À la découverte du Saint Jean-Baptiste et du Jacques Cartier de Terrebonne : d'hypothèses en mystères
Bernard Mulaire, ESSE, arts + opinions, Montréal, no 23 (automne 1993), p. 64 à 71.

Présentation
Il y a à l'École secondaire Saint-Sacrement de Terrebonne deux statues qui semblent former une paire, détail qui pique tout de suite la curiosité des visiteurs, étant donné le caractère inusité de ce jumelage. Les statues, un Saint Jean-Baptiste et un Jacques Cartier, occupent les niches de chaque côté de la porte principale du hall d'entrée. Faites de plâtre, ces statues sont peintes de couleur vieux bronze et mesurent chacune environ 164 cm (64 "1/2) de hauteur.
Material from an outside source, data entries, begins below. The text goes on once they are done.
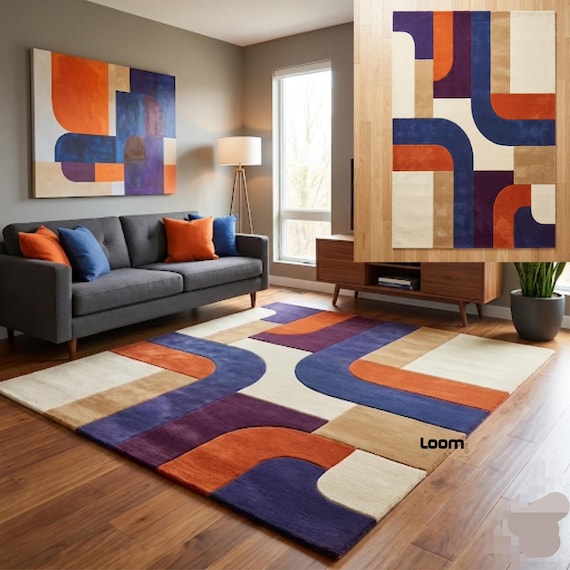 Mid Century Modern Area Rug – Abstract Geometric Retro 70s Decor – Tufted Orange, Purple & Beige Wool Carpet – Funky Statement Living Room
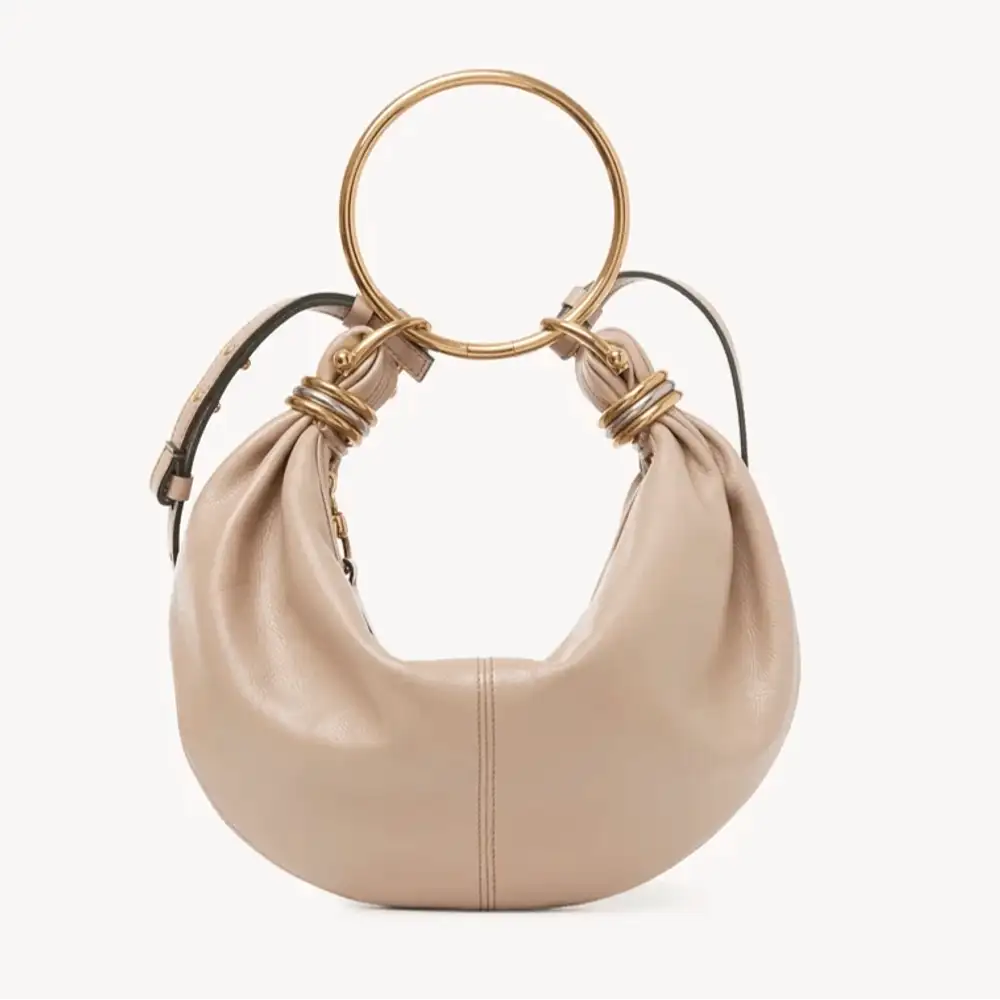 Chloe Small Bracelet Hobo Bag In Grained Leather Boyish Brown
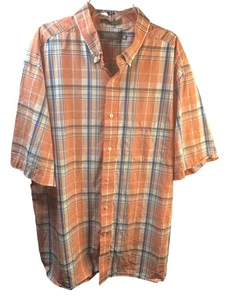 Daniel Cremieux Shirt Mens XL Orange Blue Plaid Button Down Casual Pocket Cotton - Picture 1 of 4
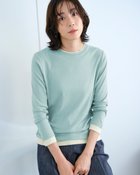 【ドゥクラッセ/DoCLASSE】のコットンガーゼ・配色クルーネック/8分袖 ライトブルー|ID: prp329100004632982 ipo3291000000033431286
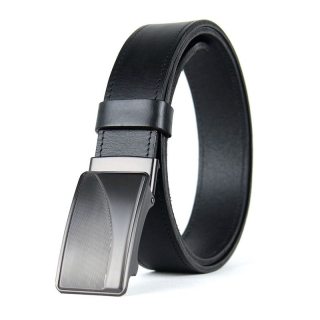 Opasok z pravej kože s brzdovou prackou TITAN CURVE, 3,5 cm, Čierny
Le Saint Jean-Baptiste se dresse dans la niche de droite, le Jacques Cartier, dans celle de gauche. Cet ordre de lecture inversé ou anachronique découle d'une logique imposée par la direction des regards et de la gestuelle des statues qui, ainsi, se répondent.
La composition du Saint Jean-Baptiste relève du type iconographique établi par les Évangiles. L'ascète, qui se réfugia dans le désert et qui baptisa le Messie, est vêtu d'une peau de chameau. Retenue à la hanche gauche, cette peau remonte à l'épaule droite d'où elle retombe à l'arrière, laissant nus les jambes, le torse et les bras du saint. Une fine courroie traverse la poitrine dans un même mouvement. Le Précurseur porte les cheveux ondulés jusqu'aux épaules, la barbe courte. Il regarde vers la droite, sa main droite levée dans un geste déclaratoire, tandis que sa main gauche pointe vers le sol où est couché à ses pieds, du côté droit, un agneau, symbole du Messie. Un tronc d'arbre, en plâtre, accolé à la jambe gauche, supporte la statue.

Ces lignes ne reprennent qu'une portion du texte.